My wife and I enjoy reading the police report in the local paper, which frequently amuses us with tales like these:
An animal was removed from a chicken coop at a Pelham Road residence. The owner of the chickens was given advice on how to keep other animals from attacking the chickens.
A black bear wandering in and out of traffic on Shays Street was not located by police.
(We don’t live in a high-crime area, though there are occasionally worrying rashes of burglaries.) This morning, my wife asked me “What does asportation mean?” “Gotta be a typo,” I responded. (The paper’s typos are so frequent and so awful I’ve given up complaining about them, since they obviously don’t give a damn.) “But it occurs twice,” she said. I took a look. A story about two people “facing charges related to a shoplifting incident” ended thus:
The woman will be summoned to court on a a charges [sic!] of larceny over $250 and shoplifting by asportation, second offense, while the man will be summoned to court on charges of larceny over $250 and shoplifting by asportation, third offense [sic, no period]

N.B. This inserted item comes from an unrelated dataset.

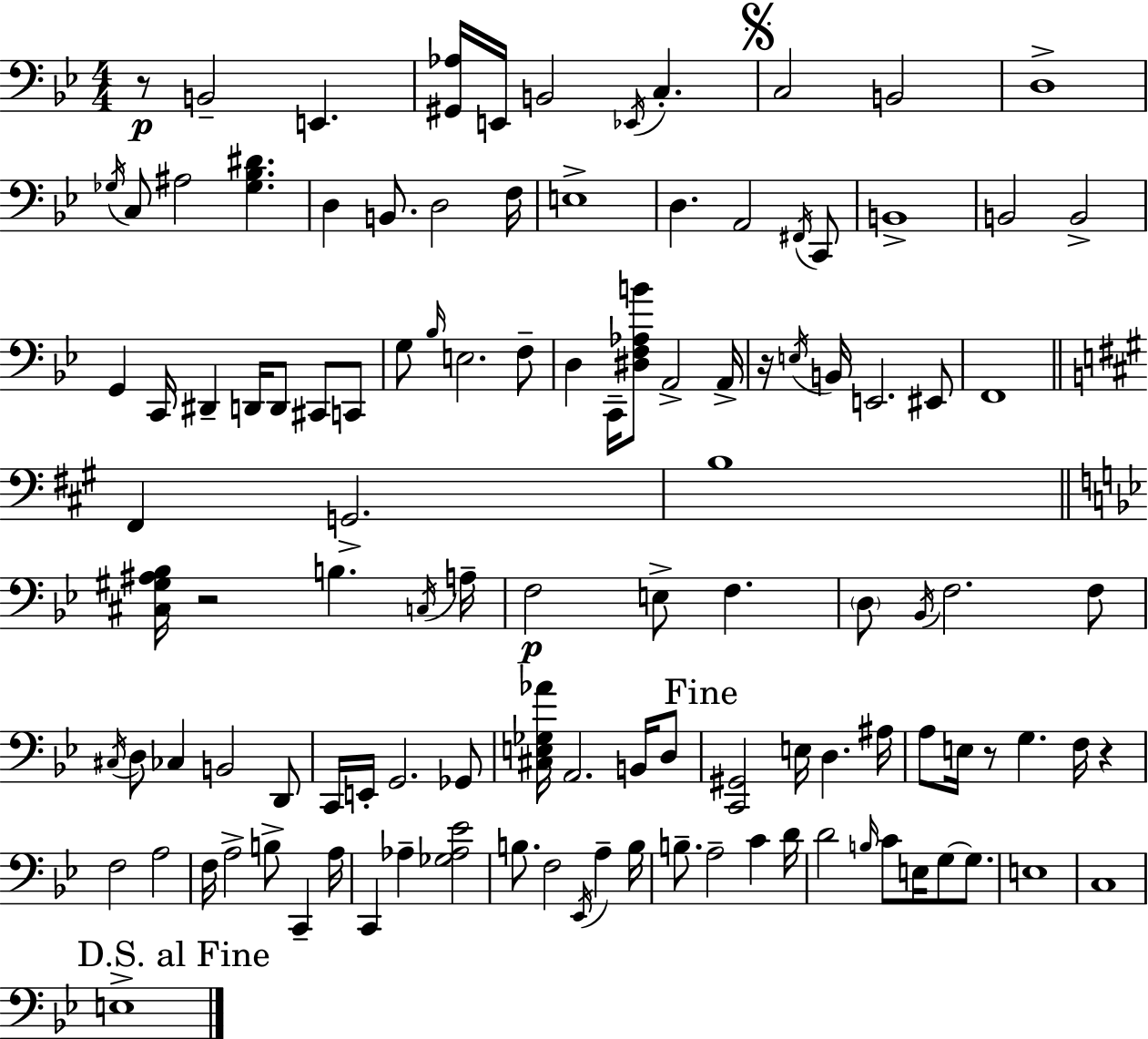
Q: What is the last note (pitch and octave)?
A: E3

This word asportation is not in M-W or AHD, but it’s in various law references, several of them collected here; West’s Encyclopedia of American Law, for instance, defines it as “The removal of items from one place to another, such as carrying things away illegally.” And it’s in the OnEtDic: “from Latin asportationem (nominative asportatio) ‘a carrying away,’ noun of action from past participle stem of asportare ‘to carry off,’ from abs– ‘away’ […] + portare ‘to carry.'” So there you have it. And remember, kids, crime doesn’t pay!